Please repeat the lines below, exactly and only, from the one that holds "kelvo® GLOW KLV-101-0150" through the one that holds "afbeelding van Leren".

- [Scraped caption text data]:
————————
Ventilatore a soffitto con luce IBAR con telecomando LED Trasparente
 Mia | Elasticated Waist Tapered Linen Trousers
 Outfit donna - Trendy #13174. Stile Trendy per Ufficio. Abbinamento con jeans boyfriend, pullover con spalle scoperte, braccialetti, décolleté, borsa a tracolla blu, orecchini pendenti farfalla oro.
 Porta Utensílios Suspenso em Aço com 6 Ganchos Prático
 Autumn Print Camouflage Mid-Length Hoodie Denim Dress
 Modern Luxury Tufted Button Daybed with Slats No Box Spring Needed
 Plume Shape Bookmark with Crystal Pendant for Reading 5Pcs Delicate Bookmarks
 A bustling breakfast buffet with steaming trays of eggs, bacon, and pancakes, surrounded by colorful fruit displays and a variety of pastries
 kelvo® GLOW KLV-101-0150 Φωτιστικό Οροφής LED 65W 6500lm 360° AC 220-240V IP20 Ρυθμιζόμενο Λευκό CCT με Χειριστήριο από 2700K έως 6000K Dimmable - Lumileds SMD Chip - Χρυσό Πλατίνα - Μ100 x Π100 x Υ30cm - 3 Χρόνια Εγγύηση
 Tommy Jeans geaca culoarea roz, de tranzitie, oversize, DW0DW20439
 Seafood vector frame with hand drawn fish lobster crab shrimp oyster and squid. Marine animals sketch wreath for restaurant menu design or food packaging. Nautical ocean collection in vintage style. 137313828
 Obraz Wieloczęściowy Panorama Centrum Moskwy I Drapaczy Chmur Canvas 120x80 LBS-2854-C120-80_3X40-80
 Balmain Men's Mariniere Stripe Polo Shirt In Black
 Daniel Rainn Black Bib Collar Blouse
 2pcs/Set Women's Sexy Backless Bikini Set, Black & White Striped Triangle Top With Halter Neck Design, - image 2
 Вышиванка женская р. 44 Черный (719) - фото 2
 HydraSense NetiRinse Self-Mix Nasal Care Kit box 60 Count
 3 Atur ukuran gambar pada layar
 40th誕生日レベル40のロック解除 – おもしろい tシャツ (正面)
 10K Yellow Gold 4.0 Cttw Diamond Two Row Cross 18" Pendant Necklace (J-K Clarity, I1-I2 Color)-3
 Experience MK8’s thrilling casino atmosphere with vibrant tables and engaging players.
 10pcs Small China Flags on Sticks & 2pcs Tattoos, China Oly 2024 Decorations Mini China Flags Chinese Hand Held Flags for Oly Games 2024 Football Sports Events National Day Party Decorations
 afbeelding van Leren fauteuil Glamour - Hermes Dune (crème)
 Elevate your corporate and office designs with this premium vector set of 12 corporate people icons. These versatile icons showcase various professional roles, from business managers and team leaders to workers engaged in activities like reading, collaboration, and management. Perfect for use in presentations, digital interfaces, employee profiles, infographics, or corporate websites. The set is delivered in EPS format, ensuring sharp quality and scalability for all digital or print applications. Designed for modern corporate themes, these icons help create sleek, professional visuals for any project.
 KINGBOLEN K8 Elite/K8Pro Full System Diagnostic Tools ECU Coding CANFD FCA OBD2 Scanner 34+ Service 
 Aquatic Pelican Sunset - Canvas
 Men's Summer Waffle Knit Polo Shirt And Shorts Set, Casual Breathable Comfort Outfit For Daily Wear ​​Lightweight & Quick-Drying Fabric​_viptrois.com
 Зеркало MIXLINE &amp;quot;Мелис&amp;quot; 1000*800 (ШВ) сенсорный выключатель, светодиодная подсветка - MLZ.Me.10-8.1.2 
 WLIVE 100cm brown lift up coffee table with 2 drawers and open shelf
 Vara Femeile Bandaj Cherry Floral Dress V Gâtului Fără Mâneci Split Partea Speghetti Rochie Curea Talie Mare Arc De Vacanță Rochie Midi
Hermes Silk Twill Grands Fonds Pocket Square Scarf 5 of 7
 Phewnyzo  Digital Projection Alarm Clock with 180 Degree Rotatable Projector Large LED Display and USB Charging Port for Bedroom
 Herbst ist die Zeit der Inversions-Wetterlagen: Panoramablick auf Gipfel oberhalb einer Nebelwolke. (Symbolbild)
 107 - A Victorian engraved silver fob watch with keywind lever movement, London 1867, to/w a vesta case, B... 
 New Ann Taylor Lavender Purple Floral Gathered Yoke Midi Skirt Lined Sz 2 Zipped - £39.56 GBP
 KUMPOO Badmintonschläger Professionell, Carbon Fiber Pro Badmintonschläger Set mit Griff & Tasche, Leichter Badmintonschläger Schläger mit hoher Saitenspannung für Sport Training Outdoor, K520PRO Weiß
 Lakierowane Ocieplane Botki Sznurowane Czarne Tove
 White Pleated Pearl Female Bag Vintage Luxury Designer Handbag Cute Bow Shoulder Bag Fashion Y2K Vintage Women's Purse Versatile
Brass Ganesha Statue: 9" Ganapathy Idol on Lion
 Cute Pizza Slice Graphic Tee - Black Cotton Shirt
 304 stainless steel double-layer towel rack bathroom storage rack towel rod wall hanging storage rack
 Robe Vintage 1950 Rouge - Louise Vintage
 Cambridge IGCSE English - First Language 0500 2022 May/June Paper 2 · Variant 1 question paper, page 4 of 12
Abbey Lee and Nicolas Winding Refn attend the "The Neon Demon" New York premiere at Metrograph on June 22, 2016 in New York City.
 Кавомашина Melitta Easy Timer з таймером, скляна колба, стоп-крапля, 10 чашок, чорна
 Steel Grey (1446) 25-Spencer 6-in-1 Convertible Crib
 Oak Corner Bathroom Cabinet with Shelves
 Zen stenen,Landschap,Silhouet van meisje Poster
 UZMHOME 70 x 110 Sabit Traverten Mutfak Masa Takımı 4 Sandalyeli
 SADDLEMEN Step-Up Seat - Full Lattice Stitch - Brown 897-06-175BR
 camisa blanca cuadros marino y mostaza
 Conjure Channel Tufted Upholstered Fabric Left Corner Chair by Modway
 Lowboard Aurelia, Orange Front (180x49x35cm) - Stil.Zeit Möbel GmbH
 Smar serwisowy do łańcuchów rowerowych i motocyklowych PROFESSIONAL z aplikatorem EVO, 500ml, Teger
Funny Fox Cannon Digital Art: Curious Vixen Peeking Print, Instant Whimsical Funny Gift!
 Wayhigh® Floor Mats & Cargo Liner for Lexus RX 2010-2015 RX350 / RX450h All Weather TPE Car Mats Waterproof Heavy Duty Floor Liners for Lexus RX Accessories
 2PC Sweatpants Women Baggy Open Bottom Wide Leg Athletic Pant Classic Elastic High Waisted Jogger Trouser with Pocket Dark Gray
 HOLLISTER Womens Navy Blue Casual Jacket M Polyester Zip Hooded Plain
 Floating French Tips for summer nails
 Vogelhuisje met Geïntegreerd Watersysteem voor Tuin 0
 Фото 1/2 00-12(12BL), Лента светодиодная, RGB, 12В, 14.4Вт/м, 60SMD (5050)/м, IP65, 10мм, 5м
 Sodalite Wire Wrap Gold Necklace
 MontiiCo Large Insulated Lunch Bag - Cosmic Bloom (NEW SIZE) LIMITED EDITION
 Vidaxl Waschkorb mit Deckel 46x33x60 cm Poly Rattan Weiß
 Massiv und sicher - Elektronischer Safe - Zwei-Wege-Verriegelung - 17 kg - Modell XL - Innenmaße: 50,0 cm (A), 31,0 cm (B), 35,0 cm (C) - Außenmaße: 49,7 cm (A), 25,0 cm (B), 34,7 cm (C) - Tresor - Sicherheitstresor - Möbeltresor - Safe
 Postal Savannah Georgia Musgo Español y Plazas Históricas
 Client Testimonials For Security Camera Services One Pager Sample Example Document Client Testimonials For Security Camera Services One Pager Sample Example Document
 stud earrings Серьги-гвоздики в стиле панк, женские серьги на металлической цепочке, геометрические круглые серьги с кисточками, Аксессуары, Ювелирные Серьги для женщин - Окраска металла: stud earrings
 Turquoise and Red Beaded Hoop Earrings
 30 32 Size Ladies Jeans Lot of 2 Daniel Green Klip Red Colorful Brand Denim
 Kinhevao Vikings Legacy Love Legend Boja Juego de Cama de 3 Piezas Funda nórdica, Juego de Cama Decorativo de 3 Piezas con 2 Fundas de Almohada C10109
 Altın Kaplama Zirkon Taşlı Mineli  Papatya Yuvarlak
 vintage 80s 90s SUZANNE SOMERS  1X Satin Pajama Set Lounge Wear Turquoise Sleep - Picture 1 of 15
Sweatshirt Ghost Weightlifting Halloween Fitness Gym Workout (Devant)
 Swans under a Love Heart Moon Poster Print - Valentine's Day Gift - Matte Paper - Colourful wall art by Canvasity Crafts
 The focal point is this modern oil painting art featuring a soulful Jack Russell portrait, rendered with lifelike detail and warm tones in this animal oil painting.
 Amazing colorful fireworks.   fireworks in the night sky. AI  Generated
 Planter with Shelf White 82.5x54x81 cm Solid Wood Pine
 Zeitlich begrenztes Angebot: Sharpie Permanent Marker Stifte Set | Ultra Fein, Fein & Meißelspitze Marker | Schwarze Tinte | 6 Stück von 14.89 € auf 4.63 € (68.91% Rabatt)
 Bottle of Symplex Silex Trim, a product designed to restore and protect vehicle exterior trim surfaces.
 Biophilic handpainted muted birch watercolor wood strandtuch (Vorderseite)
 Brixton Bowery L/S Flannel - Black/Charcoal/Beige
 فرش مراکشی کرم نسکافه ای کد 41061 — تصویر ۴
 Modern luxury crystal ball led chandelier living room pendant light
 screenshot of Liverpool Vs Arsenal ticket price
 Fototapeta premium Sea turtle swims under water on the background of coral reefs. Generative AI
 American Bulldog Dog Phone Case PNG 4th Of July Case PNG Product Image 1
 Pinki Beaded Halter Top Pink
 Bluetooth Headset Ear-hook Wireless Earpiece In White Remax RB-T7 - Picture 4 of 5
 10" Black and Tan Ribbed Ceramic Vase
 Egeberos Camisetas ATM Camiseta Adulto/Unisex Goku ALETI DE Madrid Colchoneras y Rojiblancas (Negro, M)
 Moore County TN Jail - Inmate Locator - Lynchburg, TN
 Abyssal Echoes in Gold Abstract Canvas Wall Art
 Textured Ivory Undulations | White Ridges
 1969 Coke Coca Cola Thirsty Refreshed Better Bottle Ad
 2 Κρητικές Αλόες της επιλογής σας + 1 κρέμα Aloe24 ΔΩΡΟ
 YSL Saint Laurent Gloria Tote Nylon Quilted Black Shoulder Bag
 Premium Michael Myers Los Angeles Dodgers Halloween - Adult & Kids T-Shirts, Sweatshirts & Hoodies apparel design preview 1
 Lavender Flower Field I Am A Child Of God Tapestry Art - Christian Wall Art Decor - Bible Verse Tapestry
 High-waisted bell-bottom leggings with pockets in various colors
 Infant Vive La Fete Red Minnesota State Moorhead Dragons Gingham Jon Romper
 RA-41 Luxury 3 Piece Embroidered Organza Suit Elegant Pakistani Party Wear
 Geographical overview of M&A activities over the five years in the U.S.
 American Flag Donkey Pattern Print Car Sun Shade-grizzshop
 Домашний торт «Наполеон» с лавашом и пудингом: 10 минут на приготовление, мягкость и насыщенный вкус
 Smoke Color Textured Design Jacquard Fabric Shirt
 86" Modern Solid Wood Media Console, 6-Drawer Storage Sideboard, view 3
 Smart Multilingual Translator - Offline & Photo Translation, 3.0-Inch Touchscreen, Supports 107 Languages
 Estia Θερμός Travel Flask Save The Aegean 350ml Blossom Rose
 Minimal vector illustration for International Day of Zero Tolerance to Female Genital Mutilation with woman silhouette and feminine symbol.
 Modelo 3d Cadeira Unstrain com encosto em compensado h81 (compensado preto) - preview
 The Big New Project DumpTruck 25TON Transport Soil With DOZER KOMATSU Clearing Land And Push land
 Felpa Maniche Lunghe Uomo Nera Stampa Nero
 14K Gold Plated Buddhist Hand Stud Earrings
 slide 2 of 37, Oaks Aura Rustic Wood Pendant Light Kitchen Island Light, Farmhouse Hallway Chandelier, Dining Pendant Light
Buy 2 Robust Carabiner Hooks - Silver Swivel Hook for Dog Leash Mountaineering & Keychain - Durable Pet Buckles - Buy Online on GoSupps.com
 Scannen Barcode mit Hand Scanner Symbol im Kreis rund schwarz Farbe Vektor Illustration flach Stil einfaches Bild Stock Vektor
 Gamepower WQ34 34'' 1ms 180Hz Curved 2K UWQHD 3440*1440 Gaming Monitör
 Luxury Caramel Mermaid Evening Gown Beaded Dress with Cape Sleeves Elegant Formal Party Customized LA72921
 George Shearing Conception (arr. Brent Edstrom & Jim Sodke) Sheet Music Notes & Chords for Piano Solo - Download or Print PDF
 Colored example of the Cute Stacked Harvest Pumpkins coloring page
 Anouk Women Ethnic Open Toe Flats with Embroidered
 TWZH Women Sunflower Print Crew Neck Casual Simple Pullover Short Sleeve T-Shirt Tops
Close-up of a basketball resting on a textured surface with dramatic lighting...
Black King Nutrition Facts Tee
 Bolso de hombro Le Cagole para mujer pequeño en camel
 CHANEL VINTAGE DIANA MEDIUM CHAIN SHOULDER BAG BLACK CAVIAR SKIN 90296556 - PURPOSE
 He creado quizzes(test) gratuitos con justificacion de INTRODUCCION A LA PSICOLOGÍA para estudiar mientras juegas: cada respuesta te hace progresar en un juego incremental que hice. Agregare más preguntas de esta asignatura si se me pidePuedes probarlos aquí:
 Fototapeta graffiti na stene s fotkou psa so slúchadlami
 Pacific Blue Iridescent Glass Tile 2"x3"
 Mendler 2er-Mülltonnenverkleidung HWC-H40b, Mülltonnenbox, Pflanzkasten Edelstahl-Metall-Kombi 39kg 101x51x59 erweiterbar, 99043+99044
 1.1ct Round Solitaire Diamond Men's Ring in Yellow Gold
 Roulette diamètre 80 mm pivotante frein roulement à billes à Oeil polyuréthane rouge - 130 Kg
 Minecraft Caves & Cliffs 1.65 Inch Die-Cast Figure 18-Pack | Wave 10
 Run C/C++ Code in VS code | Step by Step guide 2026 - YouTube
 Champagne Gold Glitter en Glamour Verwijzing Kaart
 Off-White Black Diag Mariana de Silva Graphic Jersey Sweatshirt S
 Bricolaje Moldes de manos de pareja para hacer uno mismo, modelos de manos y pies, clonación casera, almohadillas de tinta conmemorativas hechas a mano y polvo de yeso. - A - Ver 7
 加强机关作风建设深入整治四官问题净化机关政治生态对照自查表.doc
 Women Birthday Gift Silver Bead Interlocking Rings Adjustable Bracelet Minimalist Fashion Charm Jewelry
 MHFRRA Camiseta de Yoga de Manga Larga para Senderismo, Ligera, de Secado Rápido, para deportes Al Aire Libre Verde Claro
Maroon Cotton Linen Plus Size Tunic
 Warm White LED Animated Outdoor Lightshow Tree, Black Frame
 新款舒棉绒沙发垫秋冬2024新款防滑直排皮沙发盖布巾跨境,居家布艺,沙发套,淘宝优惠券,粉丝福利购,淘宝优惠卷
————————
- [Solution]:
 kelvo® GLOW KLV-101-0150 Φωτιστικό Οροφής LED 65W 6500lm 360° AC 220-240V IP20 Ρυθμιζόμενο Λευκό CCT με Χειριστήριο από 2700K έως 6000K Dimmable - Lumileds SMD Chip - Χρυσό Πλατίνα - Μ100 x Π100 x Υ30cm - 3 Χρόνια Εγγύηση
 Tommy Jeans geaca culoarea roz, de tranzitie, oversize, DW0DW20439
 Seafood vector frame with hand drawn fish lobster crab shrimp oyster and squid. Marine animals sketch wreath for restaurant menu design or food packaging. Nautical ocean collection in vintage style. 137313828
 Obraz Wieloczęściowy Panorama Centrum Moskwy I Drapaczy Chmur Canvas 120x80 LBS-2854-C120-80_3X40-80
 Balmain Men's Mariniere Stripe Polo Shirt In Black
 Daniel Rainn Black Bib Collar Blouse
 2pcs/Set Women's Sexy Backless Bikini Set, Black & White Striped Triangle Top With Halter Neck Design, - image 2
 Вышиванка женская р. 44 Черный (719) - фото 2
 HydraSense NetiRinse Self-Mix Nasal Care Kit box 60 Count
 3 Atur ukuran gambar pada layar
 40th誕生日レベル40のロック解除 – おもしろい tシャツ (正面)
 10K Yellow Gold 4.0 Cttw Diamond Two Row Cross 18" Pendant Necklace (J-K Clarity, I1-I2 Color)-3
 Experience MK8’s thrilling casino atmosphere with vibrant tables and engaging players.
 10pcs Small China Flags on Sticks & 2pcs Tattoos, China Oly 2024 Decorations Mini China Flags Chinese Hand Held Flags for Oly Games 2024 Football Sports Events National Day Party Decorations
 afbeelding van Leren fauteuil Glamour - Hermes Dune (crème)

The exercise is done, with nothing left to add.